This poses a problem if you, as we did, assume that each Lambda should do one thing at once. Currently AWS has 15 standard regions. As originally written, we were checking each region for each customer in a separate Lambda invocation - giving us a total of 180 invocations per hour per customer. These Lambdas were taking between 500 and 4000 ms to execute. Forgetting about the generous free tier, that meant that just resource discovery alone was going to cost us over $55 per month per customer - something that clearly wasn’t going to work with our planned pricing.
Programming languages have attempted to solve concurrency in their respective runtimes. FaaS platforms invert the problem.— Kelsey Hightower (@kelseyhightower) August 22, 2018
Fortunately for us, we made the decision from the outset to write everything in Go. Go was selected primarily because of a belief that it is the language that best lends itself to code readability, but it has another feature that is rightly very popular - Goroutines. Goroutines are a way of writing code which can run concurrently, whilst letting Go handle how many threads should actually be running at once. It’s perfectly reasonable to have hundreds of thousands of Goroutines running concurrently, especially when most of these are blocked waiting on a response, as in our case.
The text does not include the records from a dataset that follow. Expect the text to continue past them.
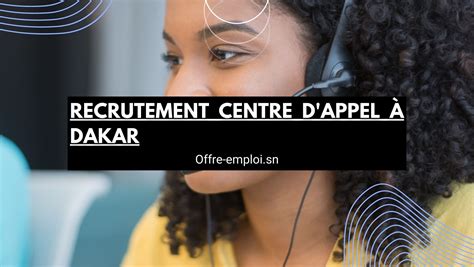 Emploi finance Dakar Sénégal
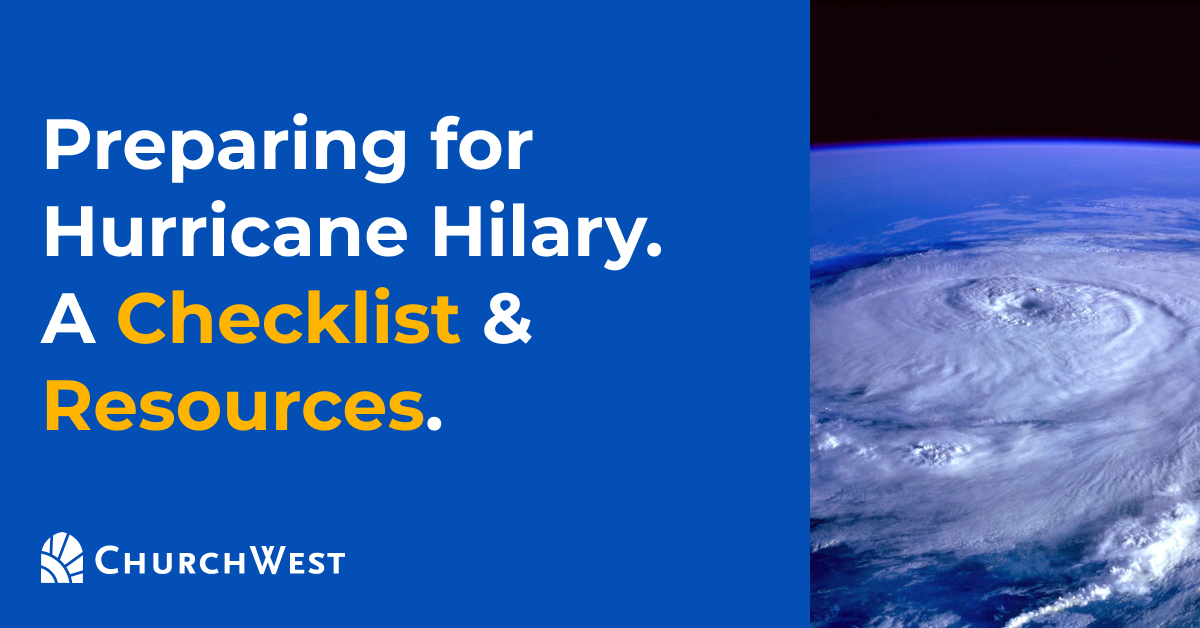 Hurricane Hillary Checklist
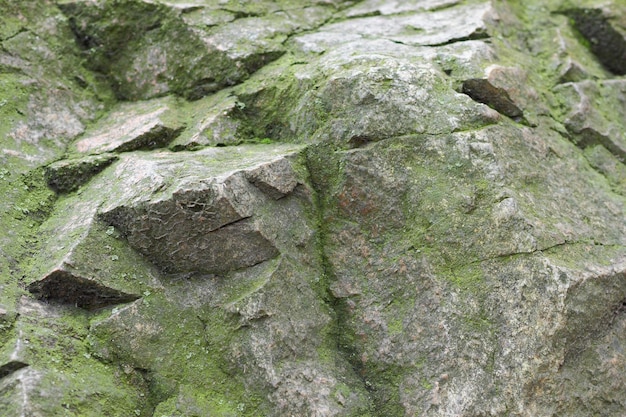Natuurlijke rotstextuur Close-up beeld van getextureerd verweerd oppervlak Bruine steen of rotsachtergrond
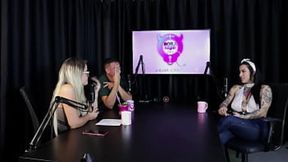 Two girlfriends; he surprisingly enjoys group sex at the motel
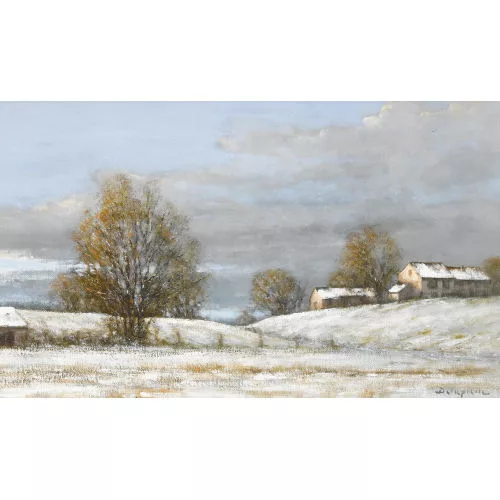 Roger Delapierre — "Campagne sous la neige".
In a single morning we refactored the code to use a single Lambda invocation every minute, operating on 20% of the customer base each time. This Lambda spawns a Goroutine per customer, which spawns a Goroutine per region, which spawns a Goroutine per AWS service. The Lambda execution time hasn’t increased significantly, because as before we’re mainly waiting on network I/O - we’re just waiting on a lot more responses at the same time in a single Lambda function. Cost per customer is now much more manageable however, becoming lower and lower with every sign up.
Since refactoring in this way, we’ve started using Goroutines throughout the code base. In particular, when calling DynamoDB to fetch multiple items across different partition keys, doing this concurrently has brought a significant speed up.
I’m certainly not advocating for large monoliths in Lambda. I’d definitely agree with the idea that serverless functions should conceptually be doing a single task. I think the idea that a Lambda should be single threaded to achieve this is wrong, however. That means that selecting a programming language to write Lambda functions in based on this assumption is also incorrect.
Most of all - don’t assume ‘best practice’ is always the best way for your use case.